実施例6で得られた炭素繊維前駆体繊維を実施例1と同様に炭素化処理して得られた炭素繊維のストランド強度を測定し、表1に示した。得られた炭素繊維のストランド強度は5145MPaと高く、また、毛羽や糸切れのない高品質の炭素繊維であった。
【0050】
(比較例1)
液中での湿潤延伸後、気中延伸処理を行わず油剤を付与し、表面温度180℃の熱ローラーにて乾燥した後に後延伸工程として気中延伸処理を行い、さらに熱ローラーによる熱延伸を行った以外は実施例1と同様にして炭素繊維前駆体を得た。比較例1において、油剤付与前の延伸倍率は、7.5倍であり、前駆体繊維製造工程における総延伸倍率は15.6倍であり、総延伸倍率に対する油剤付与前の延伸倍率の割合は48.1%であった。

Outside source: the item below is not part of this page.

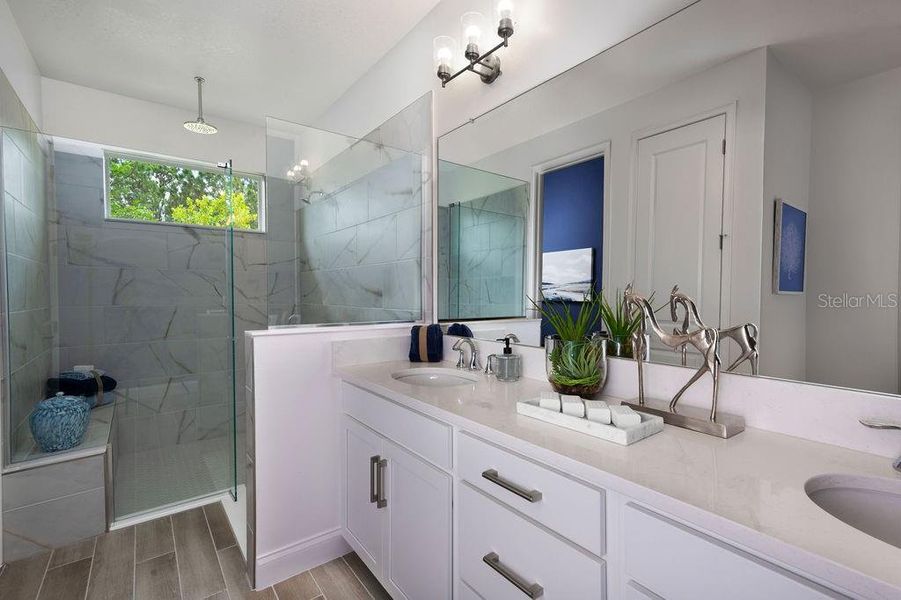 Furnished interior view inside a new home in Tamarack at Two Rivers, Zephyrhills (Image 7). Furnished interior view inside a new home in Tamarack at Two Rivers, Zephyrhills (Image 7).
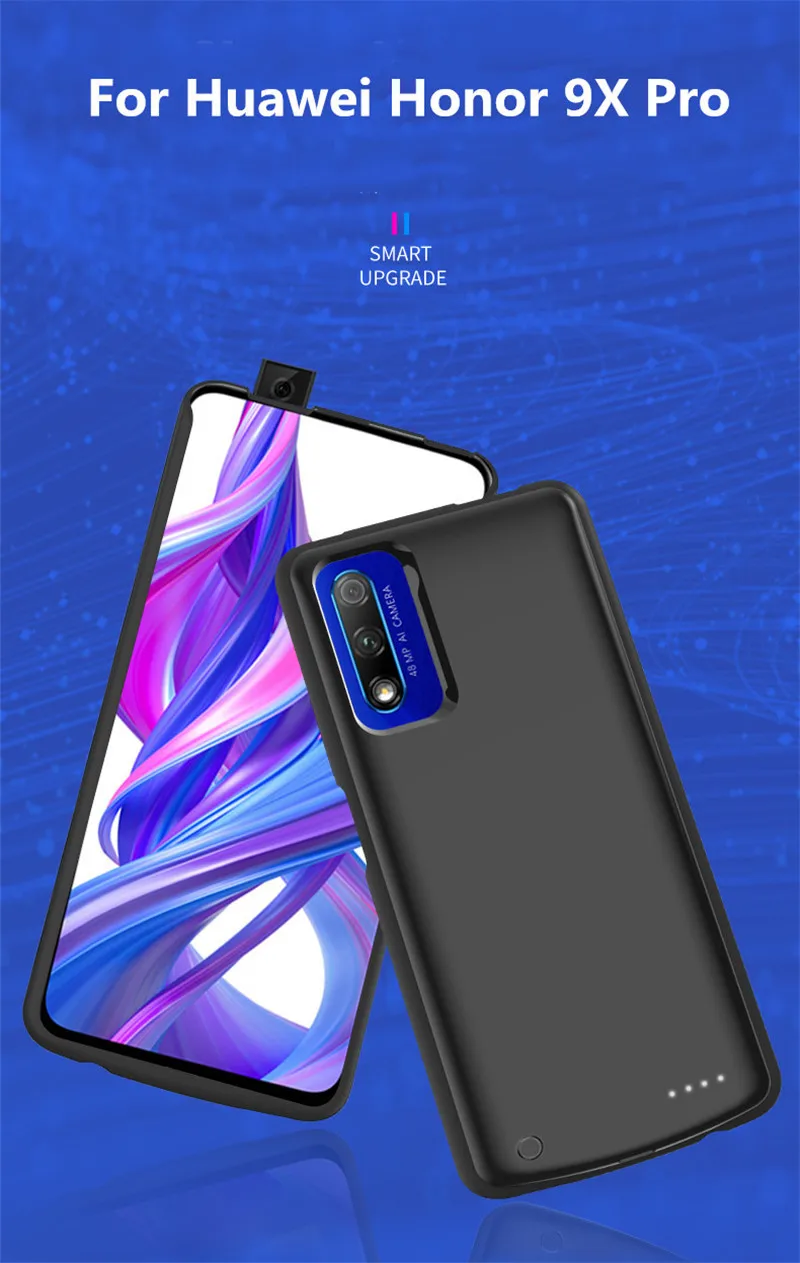 Высококачественный чехол для huawei Honor 9X Pro, Внешнее зарядное устройство для резервного копирования, 6500 мАч, зарядное устройство, чехлы для аккумуляторов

比較例1において、前駆体繊維の製造時のローラーへの巻き付きは20回と多く、紡糸安定性不良となった。また、繊維表面から1μmの繊維内層において、Si原子が1.0wt%を超えて検出された箇所が測定した10点中、3点あり、繊維内部への油剤の浸透が確認された。
この炭素繊維前駆体を実施例1と同様にして得られた炭素繊維のストランド強度を測定し、表1に示した。得られた炭素繊維のストランド強度は4780MPaと低く、また、毛羽や糸切れが見られる品位の低い炭素繊維であった。
【0051】
(比較例2)
液中延伸の延伸倍率を3.0倍とした以外は実施例1と同様にして炭素繊維前駆体を得た。なお、油剤付与前の延伸倍率は、6.0倍であり、前駆体繊維製造工程における総延伸倍率は6.2倍であり、総延伸倍率に対する油剤付与前の延伸倍率の割合は96.2%であった。
比較例2において前駆体繊維の製造時にローラーへの巻き付きはなかったが、繊維表面から1μmの繊維内層においてSi原子が1.0wt%を超えて検出された箇所が測定した10点中、5点あり、繊維内部への油剤の浸透が確認された。
比較例2で得られた炭素繊維前駆体繊維を実施例1と同様に炭素化処理して得られた炭素繊維のストランド強度を測定し、表1に示した。得られた炭素繊維のストランド強度は4210MPaと低く、また、毛羽や糸切れが多くみられる品位の低い炭素繊維であった。
【0052】
【表1】
【0053】
(実施例7)
アクリロニトリル系重合体の単量体組成を、アクリロニトリル96質量%、アクリルアミド3質量%、メタクリル酸1質量%に変更した以外は実施例1と同様にして炭素繊維前駆体を得た。実施例7において、前駆体繊維の製造時、ローラーへの巻き付きはなかった。また、繊維表面から1μmの繊維内層でSi原子は検出されず、繊維内部へ油剤が浸透していないことが確認できた。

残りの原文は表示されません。